The Impacts of the Grell-Freitas Scheme on Short-Range Forecasts of the April 19, 2023 Convective Event

The Unified Forecast System (UFS) is NOAA’s community-based Earth modeling system that includes the Short Range Weather (SRW) Application, which serves as the foundation for NOAA’s next-generation regional Rapid Refresh Forecast System (RRFS). A known issue with the RRFS is its tendency to produce excessively strong convection. To counteract this bias, convective parameterizations like the Grell-Freitas (GF) scheme have recently been implemented within the SRW App. This study compares forecasts with and without GF for the April 19, 2023 convective event with the aim of determining how well the GF counteracts the RRFS's high convective bias.
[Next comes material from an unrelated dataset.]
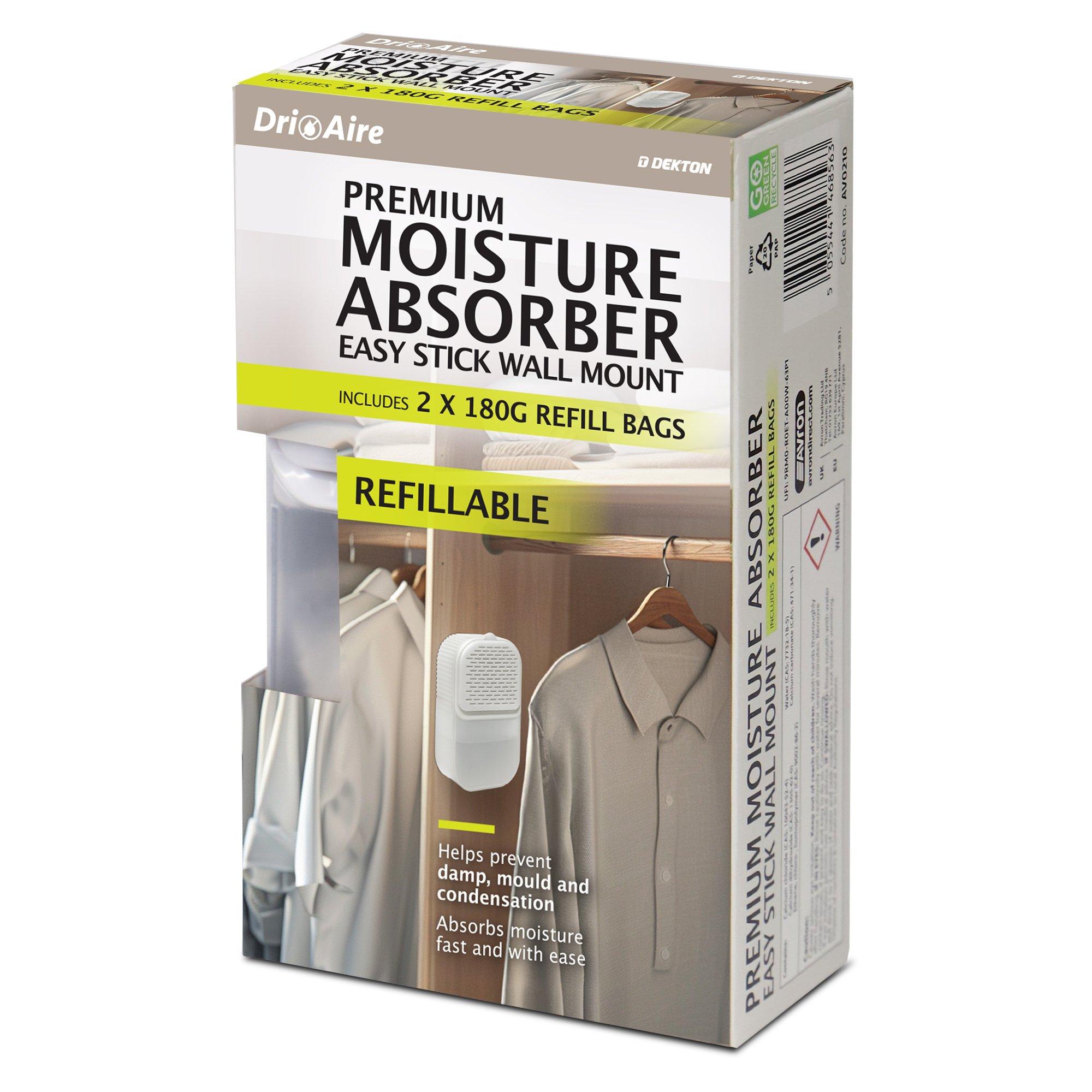 Dri Aire Premium Wall Mounted Easy Stick Moisture Absorber Dehumidifier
This event was chosen because it posed numerous challenges for weather forecasters due to the presence of marginal synoptic forcing and uncertainties in the strength of a capping inversion. Forecasts were initialized at 12 UTC on April 19 using initial conditions from the High Resolution Rapid Refresh (HRRR) and lateral boundary conditions from the Rapid Refresh (RAP). Qualitative analysis shows that in the No-GF forecast, there is spurious convection in eastern Texas/Oklahoma before the initiation of severe weather in Oklahoma, while in the GF forecast, there is no such spurious convection in this location during this period. In each forecast, supercellular convection initiates at the same time as observations, but is shifted southwest, potentially due to errors in initial conditions. In both forecasts, these storms track across central Oklahoma, but the No-GF forecast predicts weaker storms that dissipate much earlier than what was observed due to cold pools in eastern Oklahoma from the earlier spurious convection. The GF forecast aligns better with observed rainfall than No-GF while also having lower frequency bias for most rainfall thresholds, reflectivities greater than 40 dBZ, and echo tops above 30 kft. The GF forecast also has slightly more skill for these forecast variables at higher thresholds, although results are noisy due to just one simulation being run for each physics suite. These results show that GF counteracts the high convective bias of RRFS for this case, indicating that implementation of GF within NOAA’s CAM-based modeling systems may improve forecasts and help operational forecasters when dealing with marginally convective environments.